Asıl sermaye proje zenginliğidir…

Osman AROLAT
Osman AROLAT AROLAT'tan [email protected]

KOBİ'lere yönelik iki haber dün gündemdeydi. Bir yandan Sanayi Ticaret bakanı KOBİ stratejisinde 5 alanda 16 hedefi ortaya koyuyor ve KOSGEB'in yürüteceği yeni kredi paketini açıklıyordu. Bir diğer haberde ise KOBİ'lerin üniversite ve kamu araştırma kurumlarıyla teknolojik gelişmeleri yönünde üretecekleri projelere TÜBTAK tarafından yüzde 75'i hibe 300 bin lira verileceği açıklanıyor. KOSGEB projesi KOBİ'lere kredi desteğinin süreceğini göstermesi açısından önem taşıyor.
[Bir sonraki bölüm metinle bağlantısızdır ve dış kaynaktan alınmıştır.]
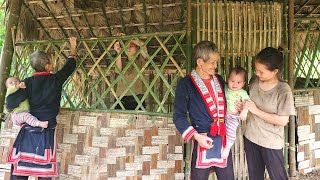 Full video: Journey single mother & 80 year old grandmother building bamboo house - Start to Finish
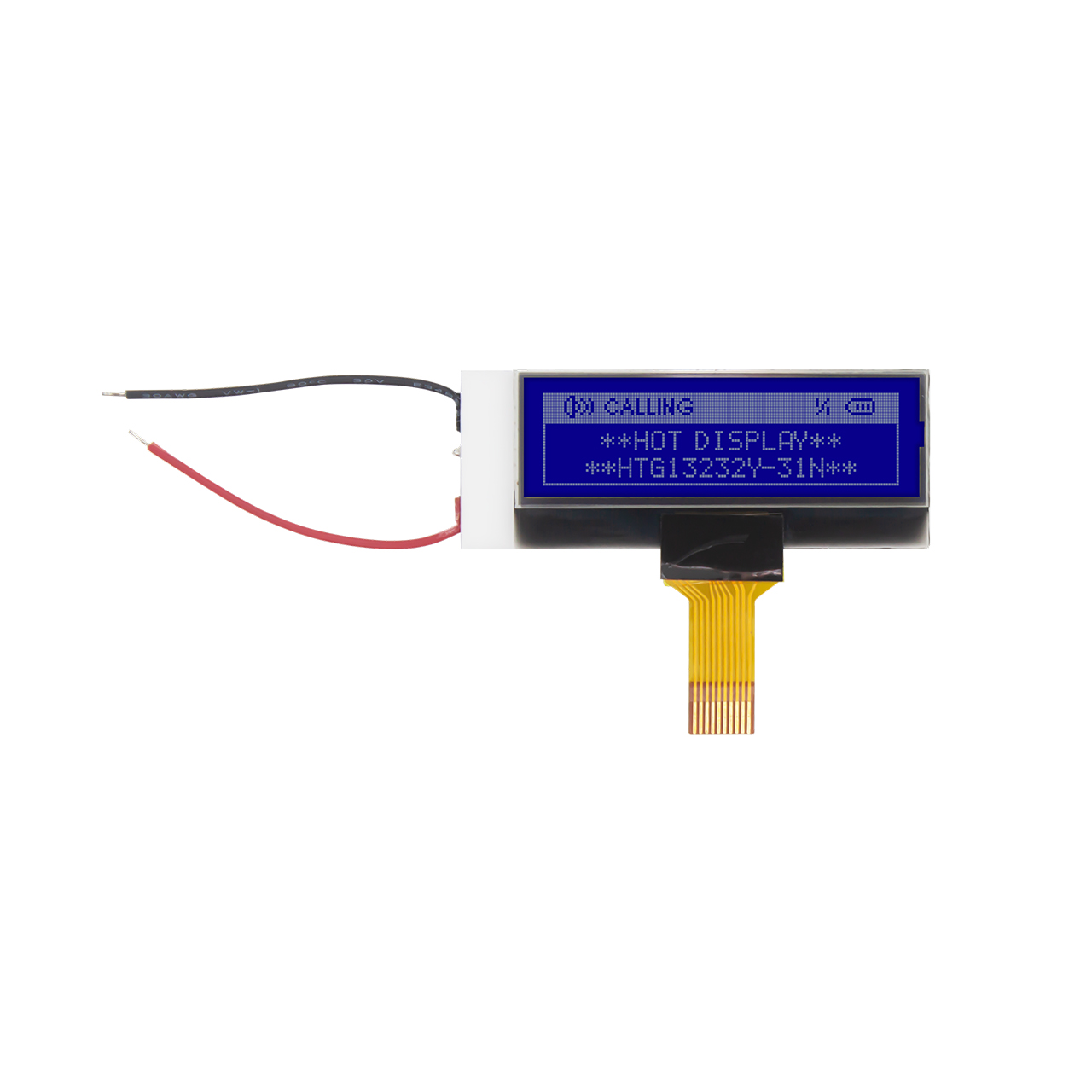 1.3 inch 132X32 Graphic COG LCD Module | SPI Interface | STN-| White on Blue | 3.3v | ST7567 | Arduino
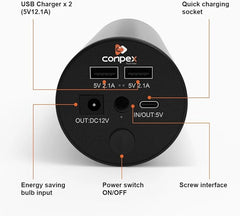 Multi-Functional Portable Power Supply | USB Rechargeable 12W Emergency Light for Camping & Tents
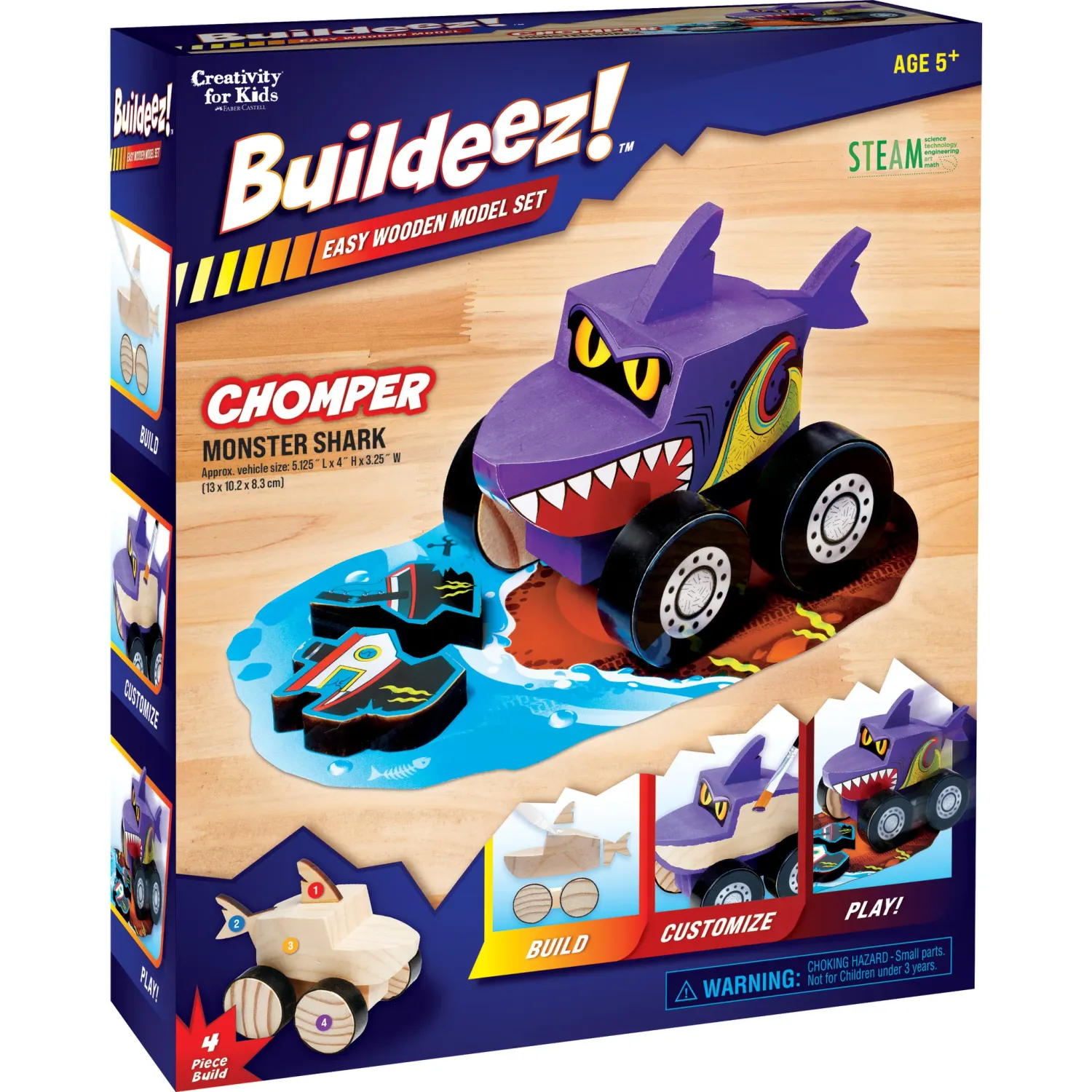 Creativity for Kids Buildeez!™ Monster Shark Chomper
TÜBİTAK projesi ise KOBİ'lerin asıl zenginliğinin proje zenginliği olduğu gerçeğini hatırlatıyor…

Türkiye'de bir süredir ekonomimizin kılcal damarlarında yer alan KOBİ'lerin anlam ve önemi daha iyi algılanıyor. Ekonomi yönetimi KOBİ'lere yeni destek programlarını Sanayi Ticaret Bakanlığı ve KOSGEB aracılığıyla ortaya koyuyor. Dün de Bakan Nihat Ergün,  "2011-2013 KOBİ Stratejisi ve Eylem Planı" basın toplantısında KOBİ'ler için KOSGEB aracılığıyla 50 bin işletmeyi içeren yeni bir kredi paketini hayata geçireceklerini açıkladı. Şu ana kadar açtıkları son paketle birlikte 56 bin 250 işletmenin 2 milyar  168 milyon kredi kulandığını, kredi kullandığını yedeklerle birlikte bu sayının 68 bin 500 işlektmeyi bulacağını ve kredi miktarının 2 milyar 800 milyon liraya yükseleceğinin söyledi. Bu çalışmanın tamamlanmasının ardından 100 bin işletmelik yeni bir paket açılacağını bildirdi.
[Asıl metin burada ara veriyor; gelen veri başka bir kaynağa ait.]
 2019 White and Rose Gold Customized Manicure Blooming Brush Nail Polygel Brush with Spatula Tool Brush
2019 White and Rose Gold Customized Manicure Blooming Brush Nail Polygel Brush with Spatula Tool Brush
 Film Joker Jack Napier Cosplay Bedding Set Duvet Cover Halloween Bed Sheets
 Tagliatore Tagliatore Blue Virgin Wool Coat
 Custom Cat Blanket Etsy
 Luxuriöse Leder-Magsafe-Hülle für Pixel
Bankalar açısından gelişmelere baktığımızda birçok bankada KOBİ'lere kredilerin son dönemde hızla arttığını görüyoruz. Birkaç yıl önce toplam kredi içinde yüzde10'ların altında olan KOBİ'lerin kredi payı yüzde 30'lar seviyesine yükselme eğilimi içinde.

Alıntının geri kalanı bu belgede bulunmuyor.